Par exemple, déposer un gâteau en forme de sexe masculin dans la boîte Tupperware d’une collègue, n’est pas suffisant pour justifier le licenciement d’un salarié ayant 15 ans d’ancienneté.

 

En revanche, plus on tombe dans la vulgarité ou le manque de respect, plus la sanction pourra être lourde.

 

Pour preuve, est justifié le licenciement pour cause réelle et sérieuse, le fait d’offrir un godemichet à sa collègue de bureau.

 

Les chansons grivoises et gestes déplacés, peuvent également justifier un licenciement pour faute simple.

 

Si les agissements sexistes sont répétés, le licenciement pour faute grave sera malheureusement la sanction la plus adéquate.

 

La faute grave est par exemple établie, lorsque qu’un salarié profère à plusieurs reprises, sous prétexte de faire de l’humour, des envies d’avoir des relations sexuelles avec des collègues féminins.

 

Il en va de même d’un salarié qui refuse de saluer une collègue, qui dessine un phallus sur son bureau et qui lui demande si elle a eu des rapports sexuels dans les toilettes.

 

L’employeur ne doit pas seulement réprimer les agissements sexistes. Il doit aussi les prévenir.

 

Au titre de son obligation de sécurité et de prévention des risques dans l’entreprise, l’employeur est fortement incité à mettre en place des mesures destinées à éviter au maximum les agissements sexistes.

 

Il n’est pas interdit pour l’employeur d’organiser des séances de formation et de sensibilisation sur le sujet.

 

Les dispositions relatives aux agissements sexistes doivent encore être rappelées dans le règlement intérieur de l’entreprise, lorsque ce dernier existe.

 

Dans toute entreprise employant au moins deux cent cinquante salariés, l’employeur doit désigner un référent, dont la mission est d’orienter, d’informer et d’accompagner les salariés en matière de lutte contre le harcèlement sexuel et les agissements sexistes.

 

Dans toute entreprise où un comité social et économique (CSE) est en place, cette institution doit également désigner un référent dans ce domaine.

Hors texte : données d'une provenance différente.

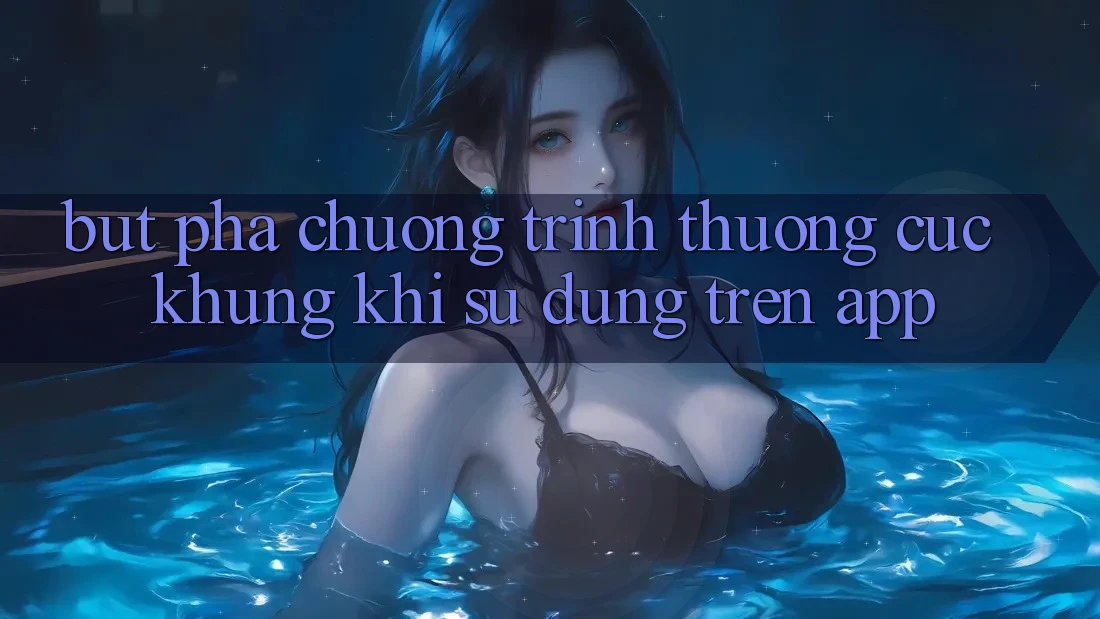 Bứt Phá Chương trình thưởng Cực Khủng Khi Sử dụng Trên App Bứt Phá Chương trình thưởng Cực Khủng Khi Sử dụng Trên App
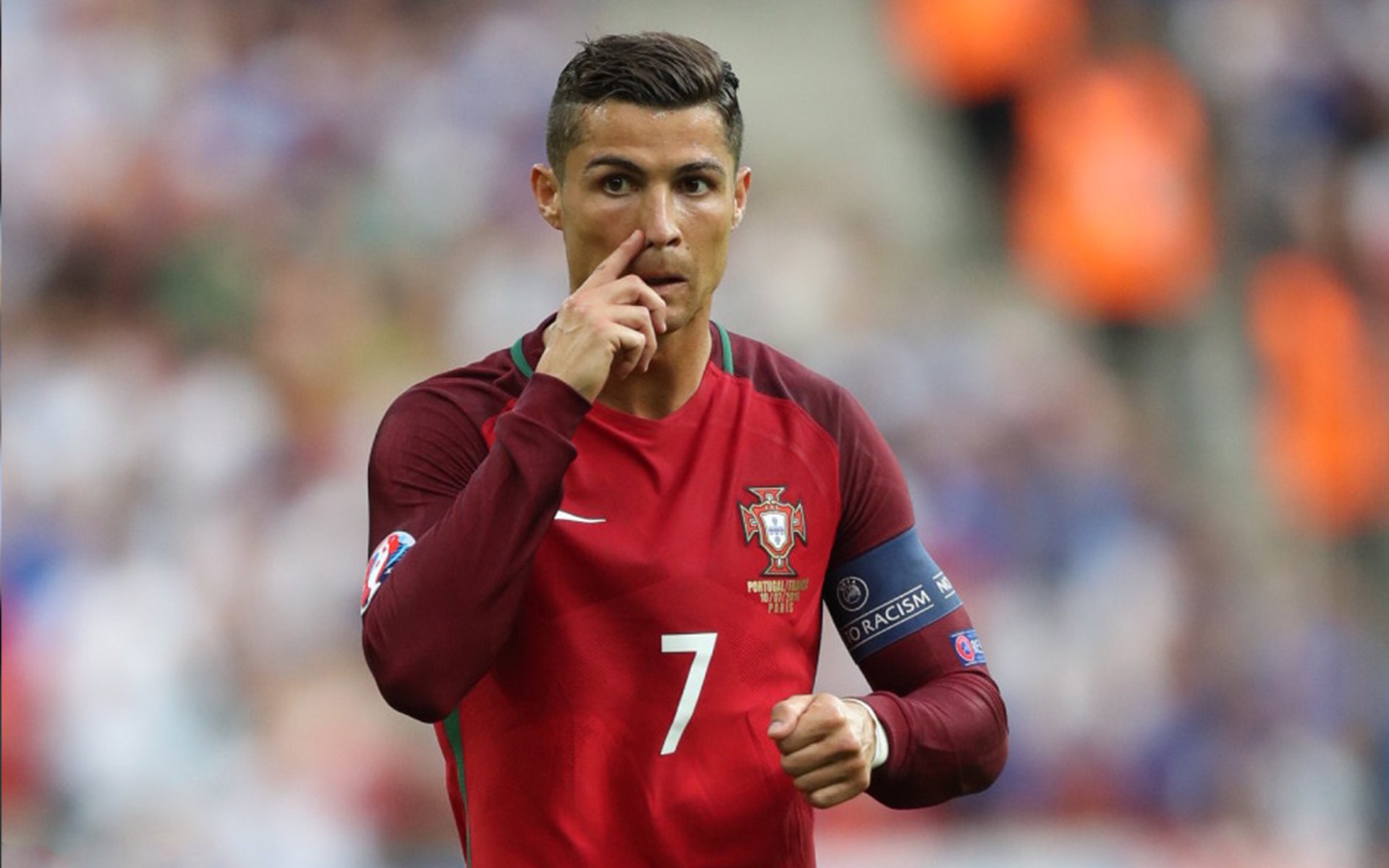 意甲焦点战之夜,萨卡关键战不手软,一剑封喉定乾坤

Les coordonnées de ces référents doivent faire l’objet d’une information de la part de l’employeur.

 

Conclusion

La lutte contre les agissements sexistes dans les entreprises ne date pas d’aujourd’hui.

 

Certes, on peut déplorer que ce combat passe par un énième empilement de normes législatives et réglementaires, alors que le droit du travail est déjà suffisamment complexe.

 

Toutefois, ce besoin récent de renforcer la lutte contre les comportements sexistes, témoigne d’un message que la société souhaite faire passer.

 

Les comportements sexistes appartiennent au passé mais ils sont encore trop nombreux dans le monde du travail.

 

Plus ils mettront de temps à disparaître, plus les employeurs risquent de faire l’objet de nouvelles contraintes en la matière. Avec le risque de contentieux que cela pourrait générer…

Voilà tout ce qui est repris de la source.